I thought it would be simple once Mikey and I became one. To get them to laugh. To turn sadness into happiness, to change the world, shatter their assumptions, break their idols and make them happy. Simply happy. They were so aggressive, so destructive, but laughter would solve it all.
But they wouldn’t laugh. Why didn’t the Priests understand, in Orientation Chamber, that they could not laugh? They are not like us. Their complexity, their convoluted, crazy world, it cannot respond to laughter.
The Priests didn’t know. They did not understand the situation. They had misappraised. But I know now. I have learned.
The question is—what do I do now? To get it back. Retrieve the mission. A serious mission, to bring frivolity? Infect with laughter, infect the world? What can I do, stuck away in this loony bin, with all these—
Then all at once I know what to do. And fall down
in awe, for the Priests understood after all. How to bring the mission, where to execute it, my very failure the necessary stepping stone to my success.

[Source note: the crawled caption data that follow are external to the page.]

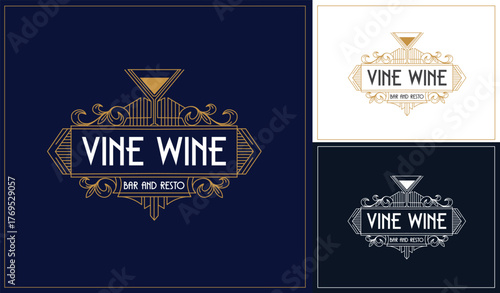 Vintage art deco style cocktail bar, lounge, pub, restaurant logo design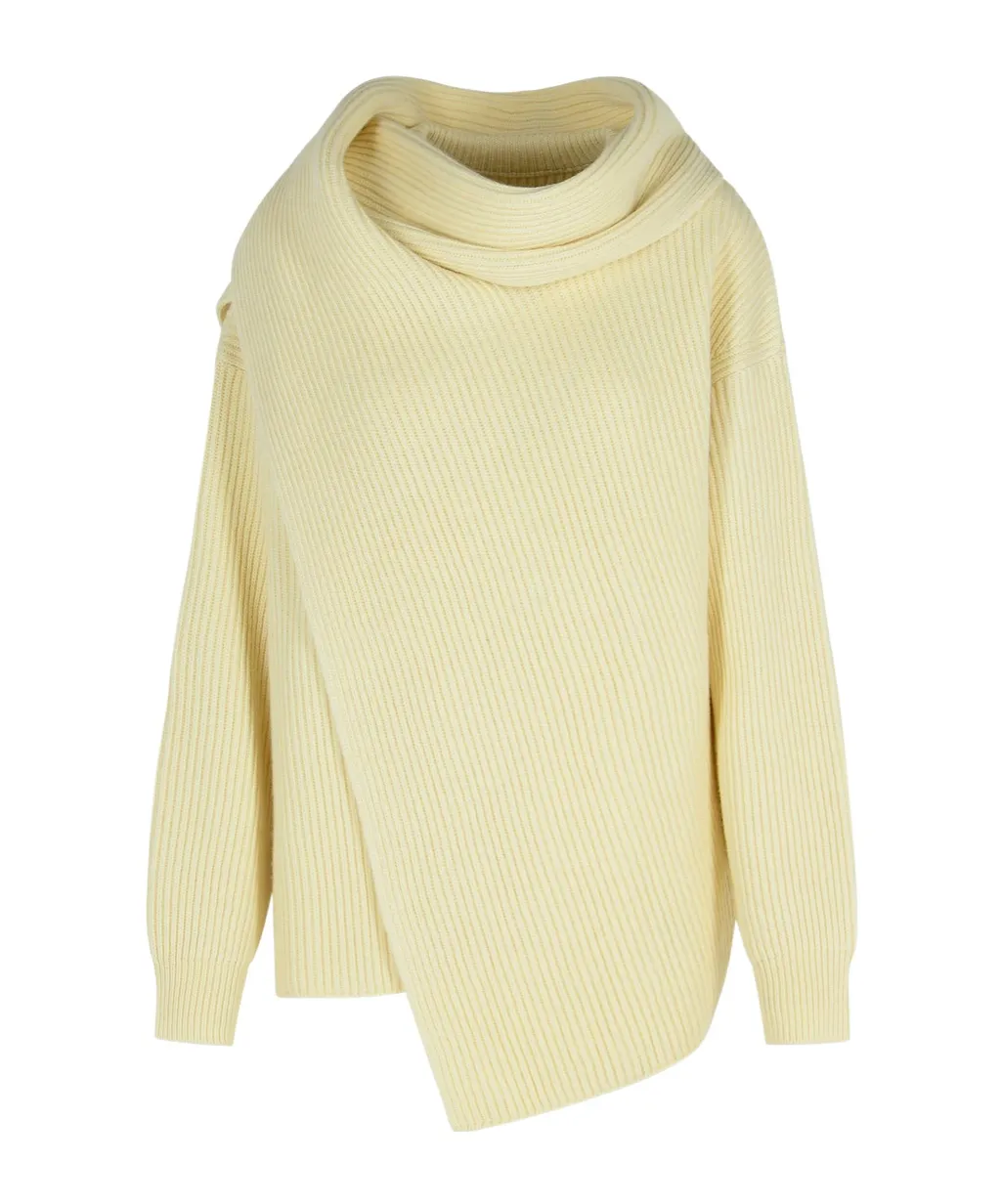 Drop Shoulder Draped Scarf Jumper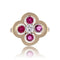Bague 52 Bague trèfle ancienne en or jaune et platine, rubis et diamants 58 Facettes 24-187
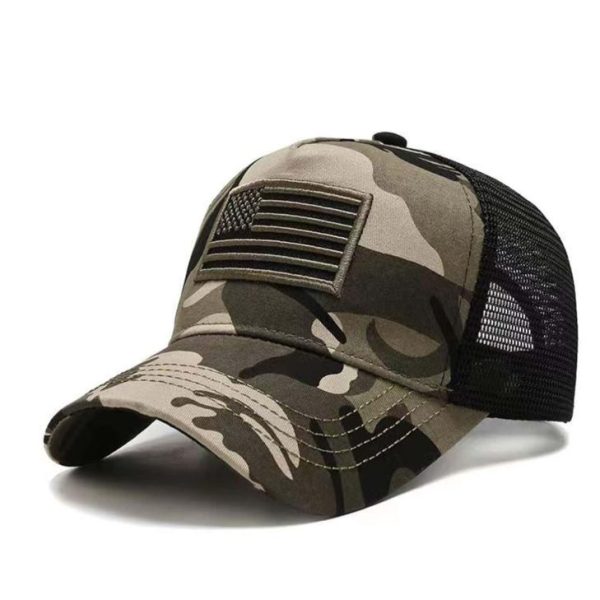 كاب بيسبول رجالي شبك مطرزة بعلم الولايات المتحدة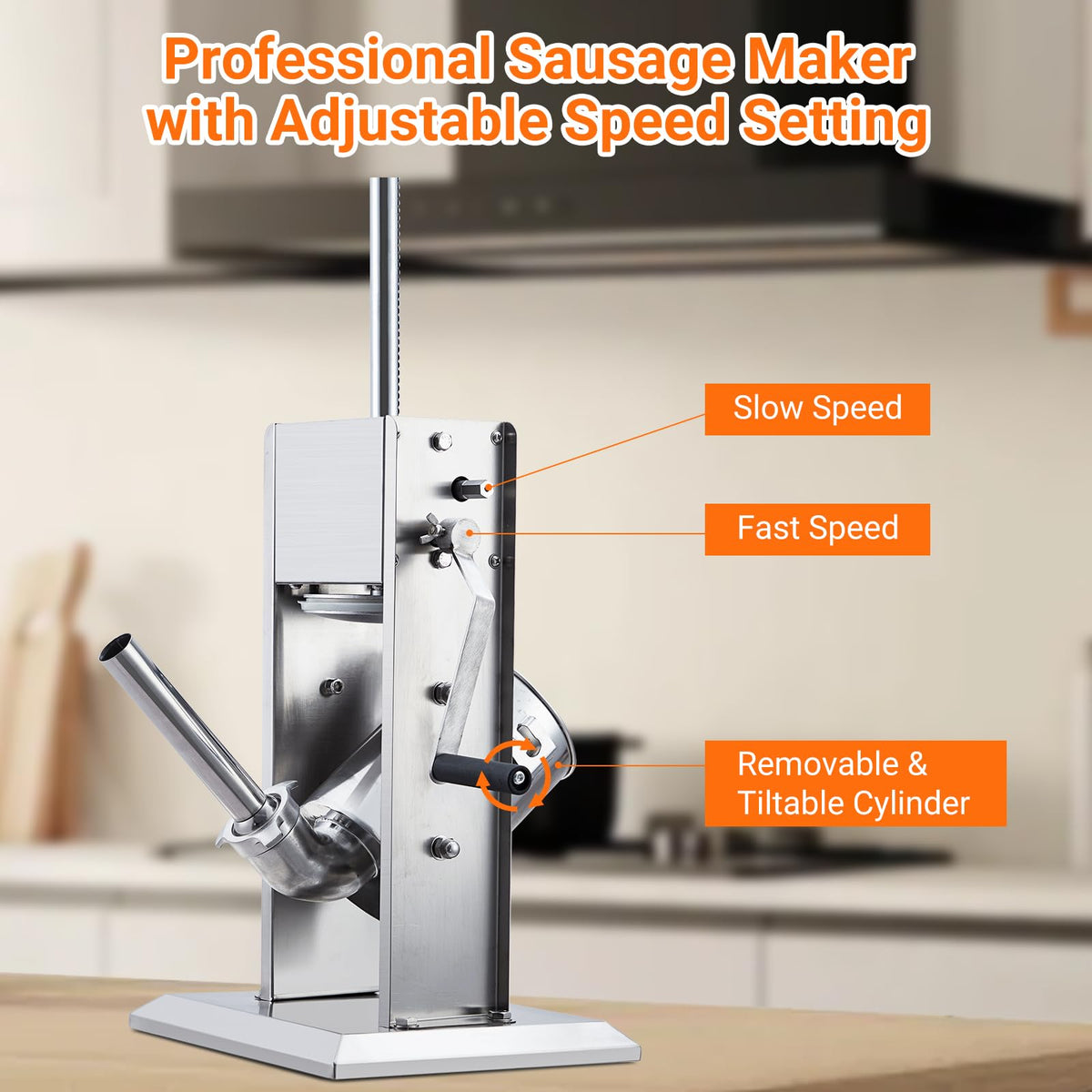 Manual 7 LB Stainless Steel Sausage Stuffer with 4 Stuffing Tubes V41800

Begin right at home, of course. What better place than a nuthouse for laughter?
So I hold a meeting after lights-out and before the meds kick in. Tommy is sleepy and mumbling as usual about the Government. James is preparing for his Second Coming. Arnold is moaning and rocking. Dorian— Well, you don’t want to know what Dorian is doing. The orderlies are somewhere down the corridor, of course. They don’t care. A typical night.
“Well, folks,” I say, “Do you want to change the world?
They become quiet. No more Government or Return of the Son. They have never heard me say anything serious before. They have barely heard me speak. I sure have their attention. The orderlies yap on, I hear their voices from down the hall.
“If we change the world, will you change the Government so they won’t be after me anymore?” Tommy asks.
“We’ll have a different Government, sure,” I say.
“But will they show any compassion? Will they leave good citizens alone?”
“Great compassion. All the compassion you could possibly want and more of it.”